O homem assinava papéis, como sempre, e se quer prestava atenção no que seu aluno tagarelava. Uma vez ou outra ele levantava os pesarosos olhos verdes e explicava pela milésima vez uma coisa ou outra que o aprendiz errava.

Misha — o aluno — era novo, mas mesmo assim decidido. E Ivan era um Mestre Templário dedicado.

– Mestre Ivan! — Um dos guardas gritou abrindo a porta com força, fazendo-a bater com força na parede. O som oco invadiu a sala.

Ivan revirou os olhos, havia um traço de raiva em sua face.

– Prossiga. — Falou levantando-se da cadeira, com certa superioridade.

– A senhora Danya! — Arfou sem ar — o bebê está nascendo!

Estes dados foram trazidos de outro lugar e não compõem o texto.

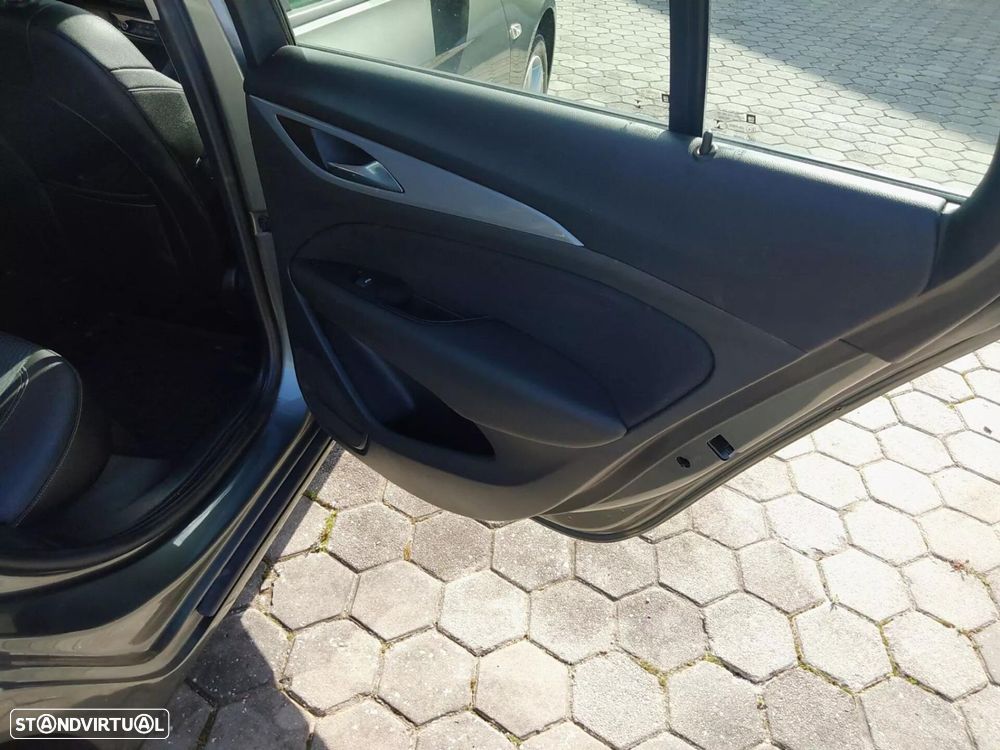 Opel Insignia Grand Sport - 42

Ivan arcou as sobrancelhas pouco antes de sair correndo pelo meio da chuva fina que caia leve. Chegando em sua casa — a maior de sua cidadela — jogou o sobretudo peludo e úmido no chão e subindo a escada às pressas.

– Danya! — Ele gritou abrindo a porta de seu quarto.

Avistou a mulher fraca e sorridente ali na cama. Sentou-se a seu lado e colocou-se a fazer carinho em seus cachos ruivos desgrenhados.

– Ivan — Chamou ela em um sussurro.

O homem se limitou a colocar o indicador sobre seus lábios, na intenção de calá-la.

– Onde está meu menino? — Perguntou para a parteira, enquanto ela terminava de embolar a criança em uma toalha.

– Natasha — A mãe sussurrou. O pai franziu o cenho, não entendendo. — É uma menina — Explicou.

– Oh, sim — Falou, tentando parecer satisfeito. Embora houvesse uma faísca de esperança de que a mulher estivesse errada.

A parteira colocou a criança no colo do pai enquanto ele engolia seco. A mulher estava certa.

– Natasha Anya. — O pai falou, com um sorriso bobo para a pequena menina de cachos ruivos como o da mãe. Conformando-se com o sexo do bebê.

A mulher sorriu satisfeita.

– Nossa herdeira. — Sorriu cansada.

– Nossa herdeira — Falou o pai não muito crente, mas mesmo assim, feliz.

Vinte e sete anos depois.

– Rápido, Natasha! — Ivan gritava ao pé da escada, de cenho franzido.

Como uma pessoa pode demorar tanto para se arrumar?

– Tenha mais calma, querido — Danya falou, acalmando-o.

– Jesus, Maria, José. A nossa filha é o desleixe em pessoa. — Queixou-se fazendo sua esposa rir.

– A culpa é toda sua. Quem mandou tirá-la das brincadeiras de chá e boneca e colocá-la para ser uma espadachim? — A mulher revirou os olhos — Aguente as consequências.

– Estou indo! — Balbuciou a menina, correndo escada à baixo com a calda do vestido na mão. Em algum momento do final da escada, sem saber qual, tropeçou. Preparando-se para o impacto da queda, apenas deixou-se cair. Mas um braço forte a agarrou antes que pudesse se machucar.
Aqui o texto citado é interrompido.